The Eames Lounge Chair and ottoman, correctly titled Eames Lounge (670) and Ottoman (671), were released in 1956 after years of development by designers Charles and Ray Eames for the Herman Miller furniture company. It was the first chair the Eames designed for a high-end market. These furnishings are made of molded plywood and leather. Examples of these furnishings are part of the permanent collection of New York's Museum of Modern Art.
The chair is composed of three curved plywood shells. In modern production the shells are made up of seven thin layers of wood veneer glued together and shaped under heat and pressure. This differentiates the newer chairs from the "original" (vintage) chairs which used Brazilian rosewood veneers and were constructed of five layers of plywood. Also differentiating the very earliest sets from newer sets were rubber spacers between the aluminum spines and the wood panels first used in the earliest production models and then hard plastic washers used in later versions. In the earlier sets, the zipper around the cushions may have been brown or black as well, and in newer sets the zippers are black. The shells and the seat cushions are essentially the same shape: composed of two curved forms interlocking to form a solid mass. The chair back and headrest are identical in proportion, as are the seat and the Ottoman.
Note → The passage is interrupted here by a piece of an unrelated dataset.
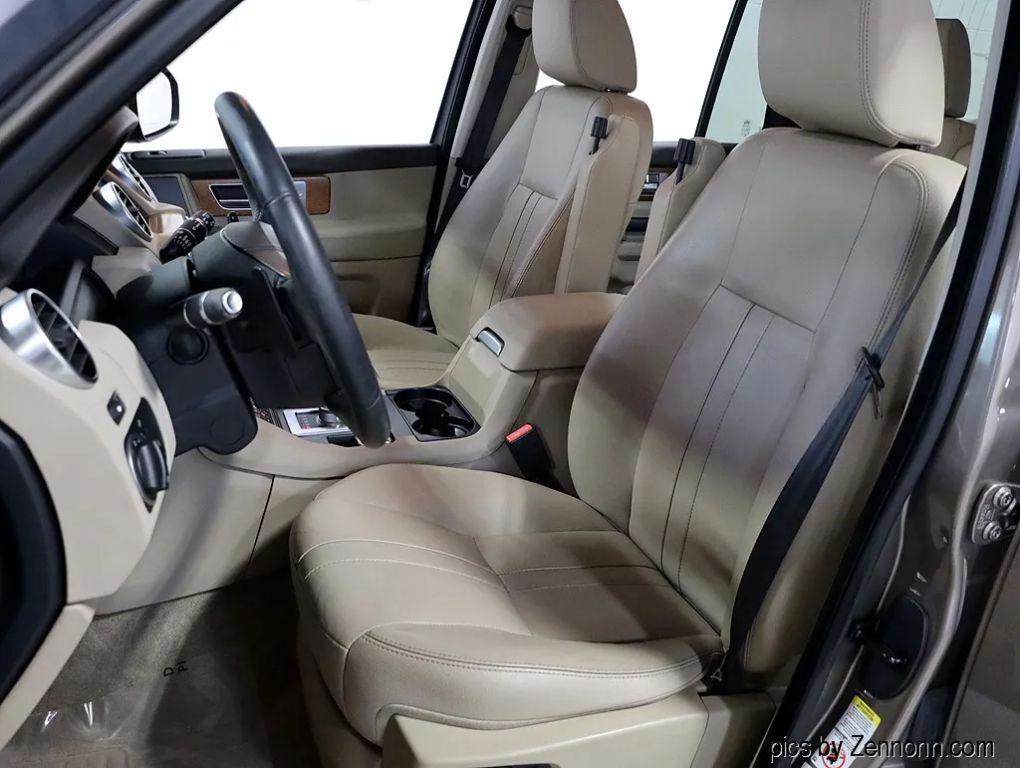 used 2016 Land Rover LR4 car, priced at $15,999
The Eameses constantly made use of new materials. The couple's first plywood chair—the Eames Lounge Chair Wood (LCW)—made use of a heavy rubber washer glued to the backrest of the chair and screwed to the lumbar support. These washers, which have come to be called 'shock mounts', allow the backrest to flex slightly. This technology was brought back in the 670 Lounge chair. The backrest and headrest are screwed together by a pair of aluminum supports. This unit is suspended on the seat via two connection points in the armrests. The armrests are screwed to shock mounts on the interior of the backrest shell, allowing the backrest and headrest to flex when the chair is in use. This is part of the chair's unusual design, as well as one of its biggest flaws. The rubber washers are solidly glued to the plywood shells, but have been known to tear free when excessive weight is applied, or when the rubber becomes old and brittle.
Other creative uses of materials include the seat cushions - which eschew standard stapled or nailed upholstery. Instead the cushions are sewn with a zipper around the outer edge that connects them to a stiff plastic backing. The backing affixes to the plywood shells with a series of hidden clips and rings. This design, along with the hidden shock mounts in the armrest allow the outside veneer of the chair to be unmarred by screws or bolts. The chair has a low seat which is permanently fixed at a recline. The seat of the chair swivels on a cast aluminum base, with glides that are threaded so that the chair may remain level.
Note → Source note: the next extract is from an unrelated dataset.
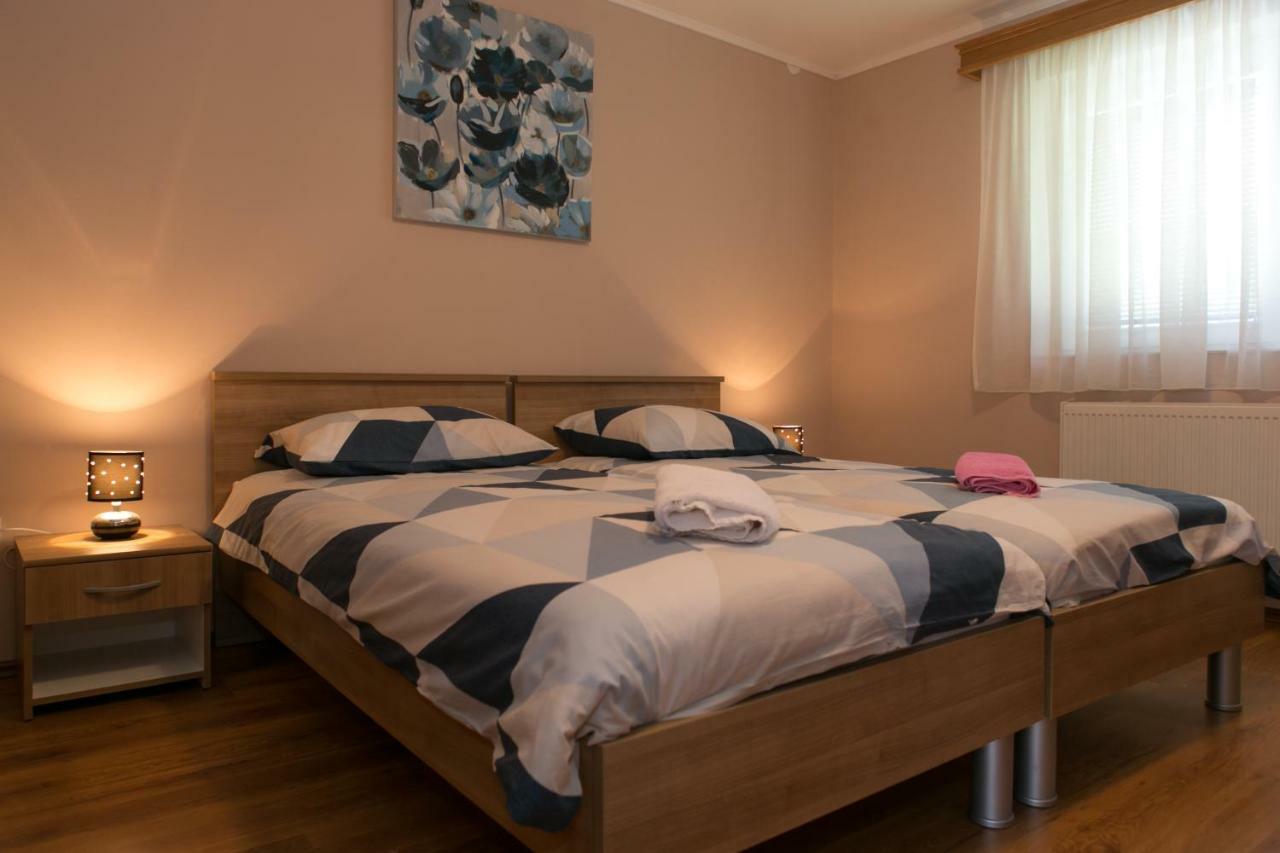 Rooms Ivan Otocsán Kültér fotó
It first appeared on the Arlene Francis 'Home" show broadcast on the NBC television network in the USA in 1956. The chair has become iconic with Modern style design although when it was first made Ray Eames remarked in a letter to Charles that the chair looked "comfortable and un-designy" (sic). Charles's vision was for a chair with "the warm, receptive look of a well-used first baseman's mitt". Immediately following the début Herman Miller launched an advertising campaign that highlighted the versatility of the chair. Print ads depicted the 670 in a Victorian parlor, occupied by a grandmother shelling peas on the front porch of an American Gothic style house, and in the middle of a sunny field of hay. One notable advertisement was produced by the Eames for Herman Miller warning consumers against imitations and knockoffs.
Since its introduction, the chair has been in continuous production by Herman Miller in America. Later, Vitra began producing the chair for the European market. Immediately following its release other furniture companies began to copy the chair's design. Some copies were direct knockoffs, while others were merely 'influenced' by the design. Most notably Plycraft Company, now defunct, issued dozens of chairs that directly mimicked or were in-the-style-of the Eames 670. More recently the Chinese market, as well as other European companies, have begun making direct copy knockoffs. However, Herman Miller and Vitra remain the only two companies to produce these chairs with the Eames name attached.
The Eames Lounge Chair appeals to people for several reasons. It is a classic design that has been in production continuously since its creation. In addition to the style, it is also very comfortable, a combination not always found in high design. Additionally, some people find it desirable purely for reasons of conspicuous consumption—the chair with Ottoman retail for around $3,200 or more, depending on the selection of veneer and leather (leathers by Edelman, recently offered by Herman Miller, add considerably to the cost). In part the appeal of the chair comes from its comfort. The Eames focused first on usability in their designs.